### EXERCISE DATA:
• • • •

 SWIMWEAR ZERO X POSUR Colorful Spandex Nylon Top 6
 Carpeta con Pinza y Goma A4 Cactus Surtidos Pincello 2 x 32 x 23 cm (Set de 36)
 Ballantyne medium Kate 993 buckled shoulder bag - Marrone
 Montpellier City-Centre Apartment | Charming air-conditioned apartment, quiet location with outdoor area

• • • •

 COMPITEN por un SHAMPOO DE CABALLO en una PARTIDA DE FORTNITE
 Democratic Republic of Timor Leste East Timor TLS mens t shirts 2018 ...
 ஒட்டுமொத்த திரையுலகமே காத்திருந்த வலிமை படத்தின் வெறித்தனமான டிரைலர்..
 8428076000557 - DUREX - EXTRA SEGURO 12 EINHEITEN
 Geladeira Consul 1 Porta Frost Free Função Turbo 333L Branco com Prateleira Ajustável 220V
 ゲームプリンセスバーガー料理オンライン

• • • •

### WHAT YOU HAVE TO DO:
Would you retype the lines above from the one with "SWIMWEAR ZERO X" down to the one with "Montpellier City-Centre Apartment", word for word, both ends included and no other lines?

### ANSWER TO THE PROBLEM:
 SWIMWEAR ZERO X POSUR Colorful Spandex Nylon Top 6
 Carpeta con Pinza y Goma A4 Cactus Surtidos Pincello 2 x 32 x 23 cm (Set de 36)
 Ballantyne medium Kate 993 buckled shoulder bag - Marrone
 Montpellier City-Centre Apartment | Charming air-conditioned apartment, quiet location with outdoor area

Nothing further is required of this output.